Exercise aim:
Leave the pictures out, and repeat exactly every line from the one with "How To Make" through the end of the data below.

[Dataset entries]

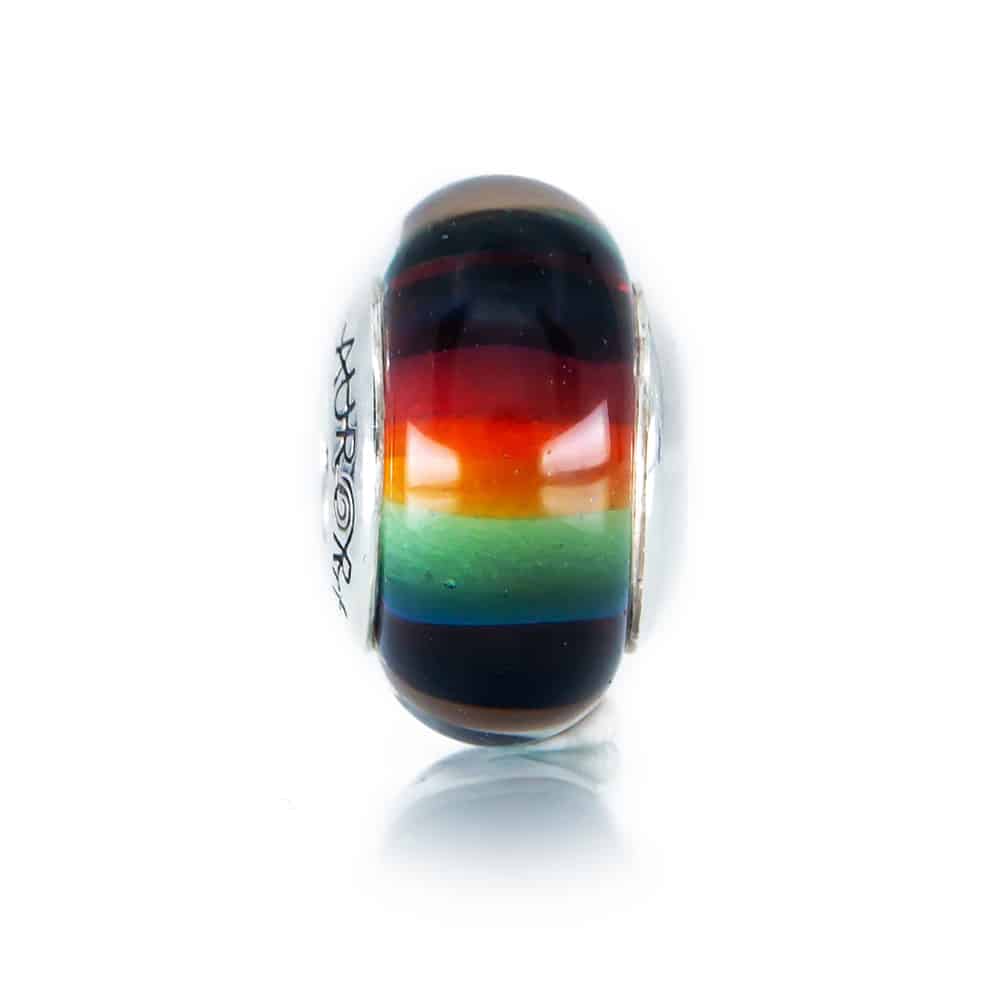 Aurora Charm Harmony of Wisdom Glass Bead multicolor; black glass Bead by The Alternative Bead. Your official Aurora Charm Retailer from Germany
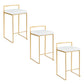 Fuji - Contemporary / Glam Design Counter Stool (Set of 2) - Furniture Home Direct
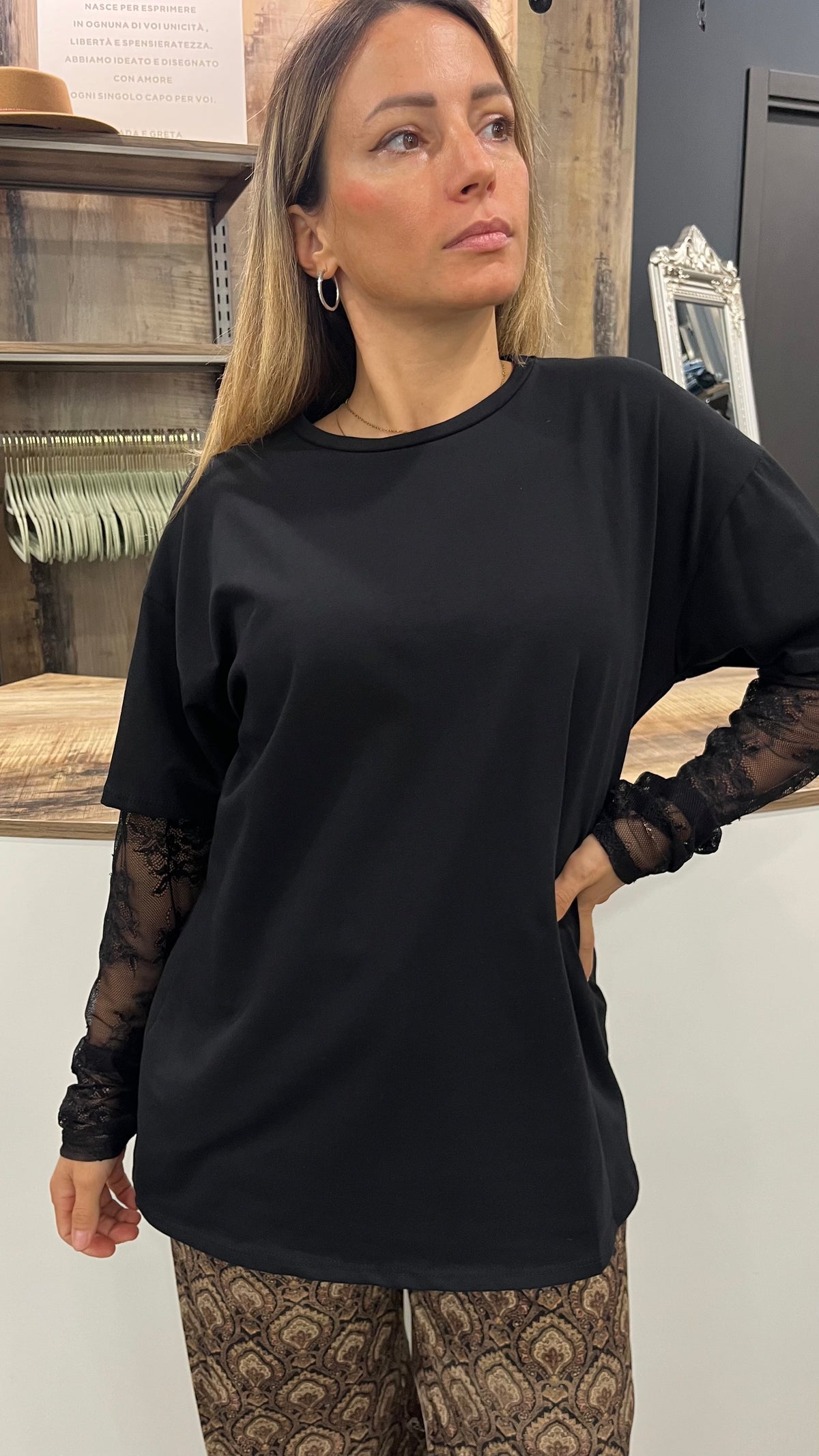 Maglia Manica Pizzo
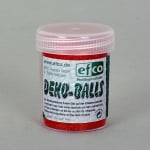 Декоративни топчета, Deko-Balls transparent, Ø 0.5 mm, 50 g, оранжеви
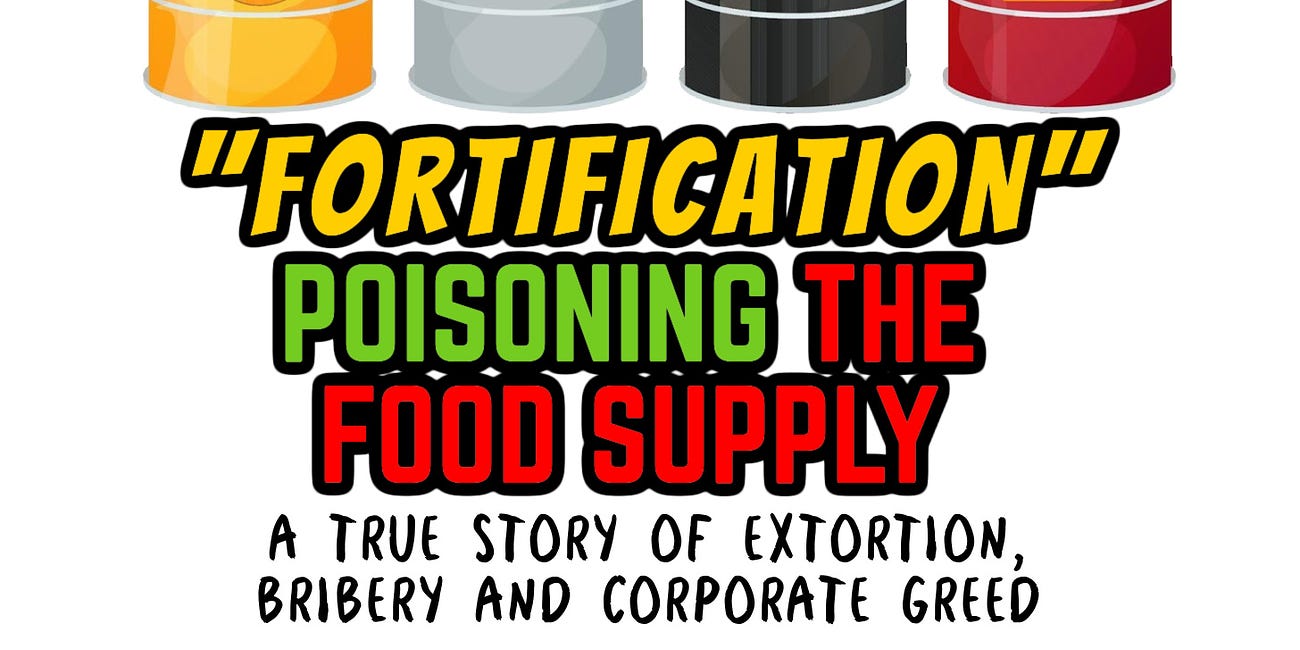 POISON FOOD SUPPLY: History of "FORTIFICATION"☢️ Adding TOXIC CHEMICALS Under the Guise of VITAMINS (a Massive PSYOP)☠️ PART 1 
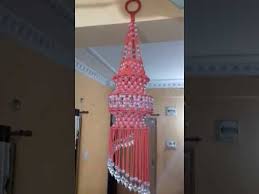 How To Make Big Macrame Jhumer Easily At Home Easy Making Method Design No 2 Part 1 Youtube Macrame Toran Designs Macrame Patterns Tutorials Jhumar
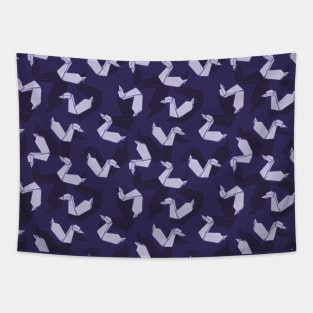 Origami Duck Pattern Tapestry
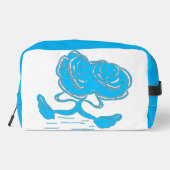 azure blue toiletry bag / Trousse de toilette azur ドップキット (裏面)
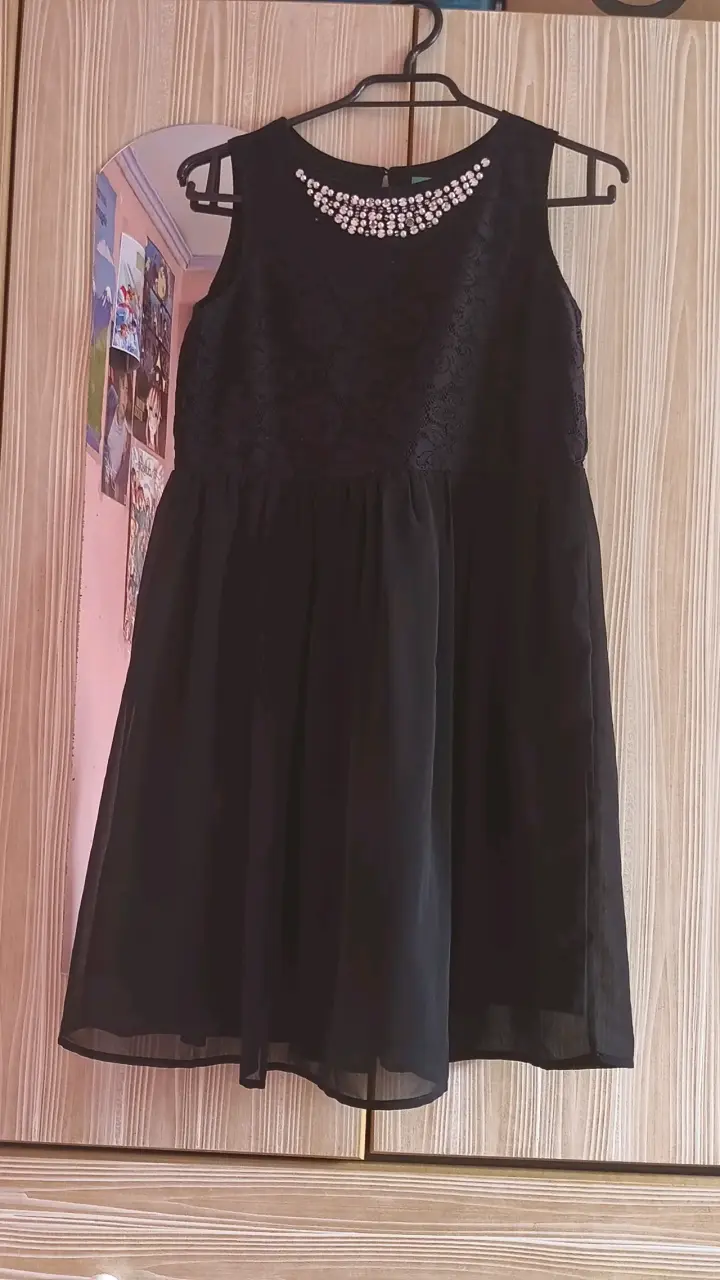 Vestido negro talla 16 - 1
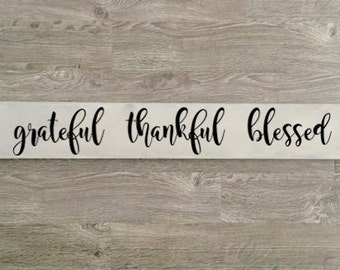 Blessed sign | Etsy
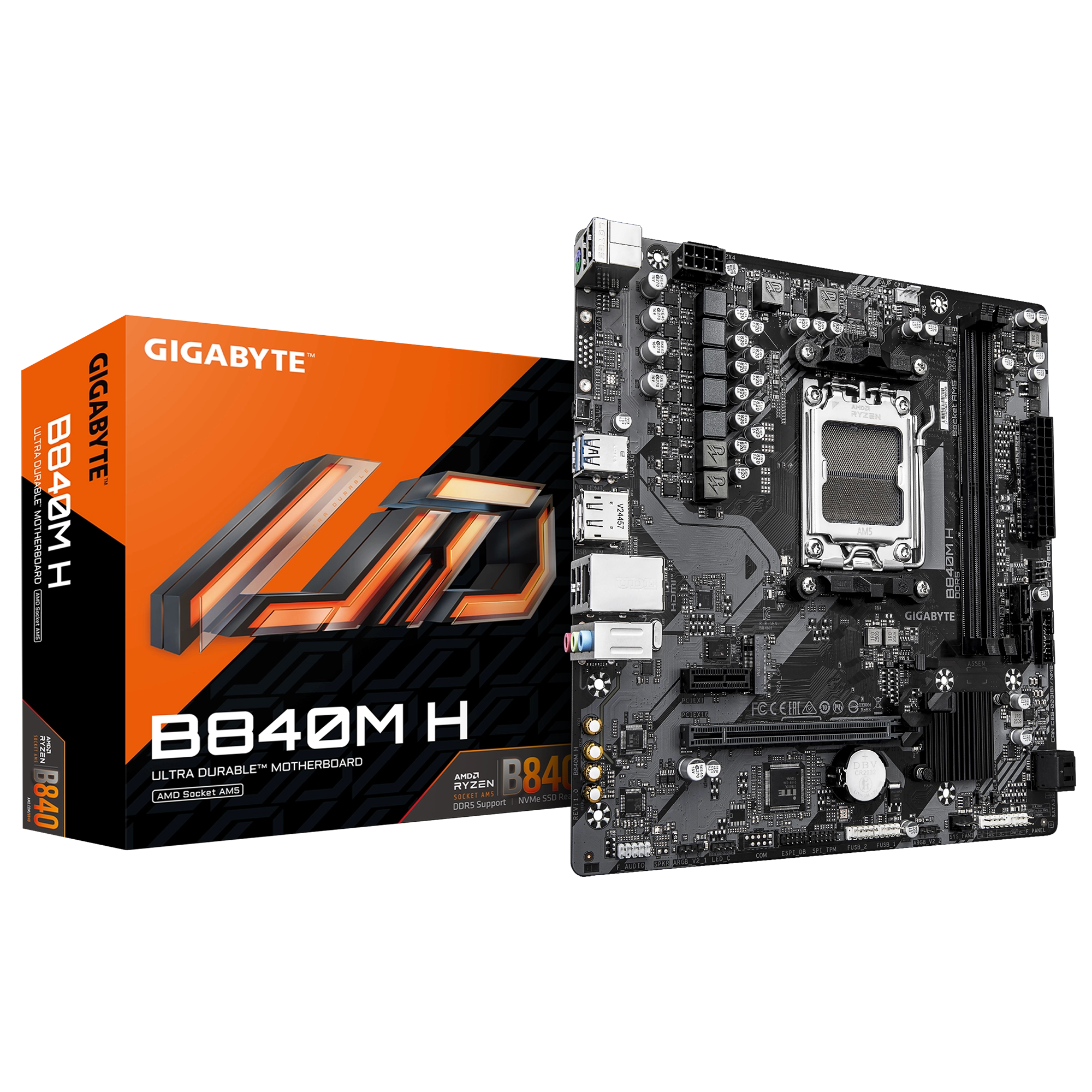 MOTHERBOARD GIGABYTE B840M H DDR5 AM5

Solution to the exercise:
 How To Make Big Macrame Jhumer Easily At Home Easy Making Method Design No 2 Part 1 Youtube Macrame Toran Designs Macrame Patterns Tutorials Jhumar
 Origami Duck Pattern Tapestry
 azure blue toiletry bag / Trousse de toilette azur ドップキット (裏面)
 Vestido negro talla 16 - 1
 Blessed sign | Etsy
 MOTHERBOARD GIGABYTE B840M H DDR5 AM5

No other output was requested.